Living at home with parents is now the second most popular option for those attending university as students struggle to avoid mounting debts.
But the University Lifestyle Survey, which interviewed more than 2,000 students in 112 universities, paints a stark picture of life for these live-at-home students. It suggests that the university experience is for many young people a rather isolated one, a world away from the ivory towers depicted in famous novels such as Brideshead Revisited.
Boris Johnson, the Conservative Shadow Higher Education Minister, said: "We all lived in foul and pestilential student squats - but that was a far better experience than staying at home."
He added: "It is very sad if students are being driven away from the campus. A lot of the instruction you get at university is from your peers, and it shouldn't be so densely integrated into real life that you can't really tell the difference."
The survey found that 18 per cent of all students live at home with their parents; the figure rises to 25 per cent in new universities.
These students are more likely to have farther to travel to university than those living in rented flats or halls. Strikingly, 15 per cent of live-at-home students spend three or four hours commuting every day.
Although they may avoid paying rent by living at home, these students are still significantly more likely than campus-based students to need to work at a part-time job.
More than half (54 per cent) of students who live with their parents juggle a paid job alongside their studies - compared with only 12 per cent of students in catered halls.
After they have completed their commute, finished work and attended lectures and seminars, this group of students, unsurprisingly, has little time left for the lighter side of student life.

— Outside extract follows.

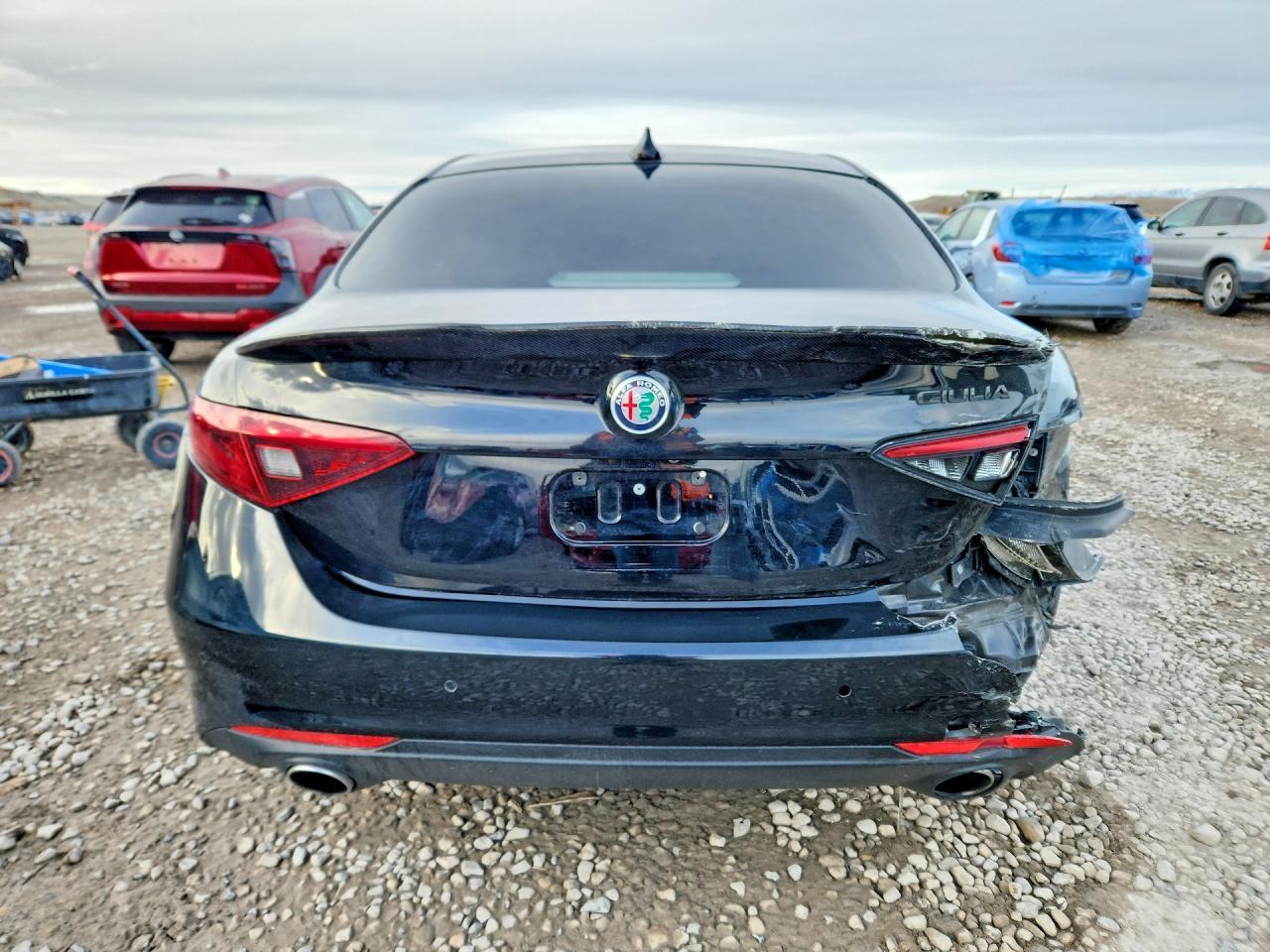 2019 Alfa Romeo Giulia - Фото 6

The survey found that more than 33 per cent of students who live at home with their family spend two hours or less socialising on the average weekday. This figure compares with 20 per cent for students in catered halls.
As an indication of their distance from traditional university life, these students are also less likely to socialise with fellow students on campus.

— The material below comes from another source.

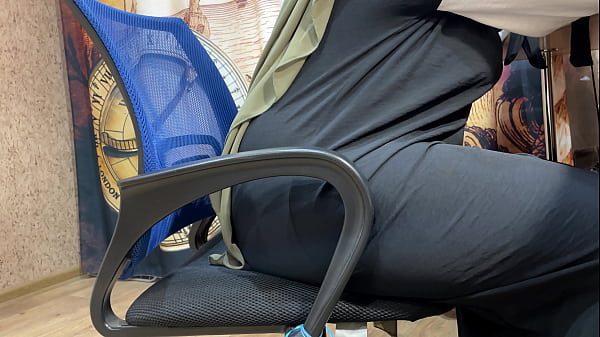 Wanita berhijab merangsang diri lewat celana dalam saat bekerja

In total, 65 per cent of students who live with their family choose to do all or most of their socialising away from the university.
Julian Nicholds, vice-president for education at the National Union of Students, said: "Going to university is about working hard to get what you want, but it should also be about getting involved. We say to students that it is about your academic education, but it is also about the soft skills you acquire."
He added: "Many students living at home don't live close to their institution. They stay within their own social group, so they lose the chance to meet a new group of people from a diverse range of back-grounds."
Claire Callender, professor of social policy at London South Bank University, said: "If university is meant to be in part a vehicle for social mobility, one facet of that will be the mix of people students meet at university.
"Those who live at home will miss out in terms of making new friendships that are likely to be from a broader cross-section of society."